An endoreversible intercooled regenerative Brayton cogeneration plant model coupled to variable-temperature heat reservoirs is established. On the basis of the exergetic analysis, the performance of the plant is investigated using finite time thermodynamics. Analytical formulae about dimensionless exergy output rate and exergy efficiency are deduced. By taking the maximum exergy output rate and exergy efficiency as the objectives, the heat conductance allocations among the hot-, cold- and consumer-side heat exchangers, the intercooler and the regenerator, the choice of intercooling pressure ratio are optimized by detailed numerical examples, and the corresponding exergy efficiency and exergy output rate are obtained. When the optimization is performed further with respect to the total pressure ratio of the cogeneration cycle, double-maximum exergy output rate and double-exergy efficiency are obtained.

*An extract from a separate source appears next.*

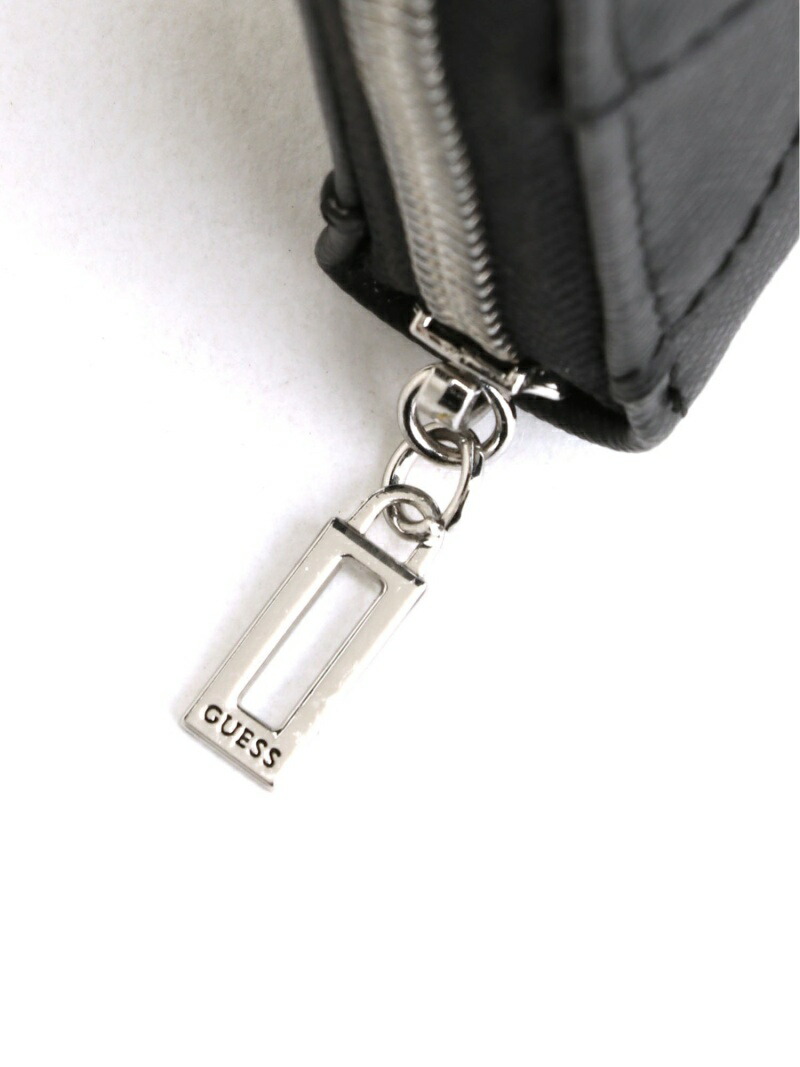 W Buoso Small Zip Around Guess ゲス 財布 小物 財布 イエロー ピンク ブラック ブラウン 送料無料 Rakuten Fashion septicin Com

The effects of the total heat conductance, the consumer-side temperature and the thermal capacitance rate matching between the working fluid and the heat reservoirs on the double-maximum dimensionless exergy output rate and the double-maximum exergy efficiency are analyzed, it is found that there exists an optimal consumer-side temperature which leads to a thrice-maximum dimensionless exergy output rate, and there exist optimal thermal capacity rate matchings between the heat reservoirs and the working fluid, respectively, which lead to a thrice-maximum dimensionless exergy output rate and a thrice-maximum exergy efficiency.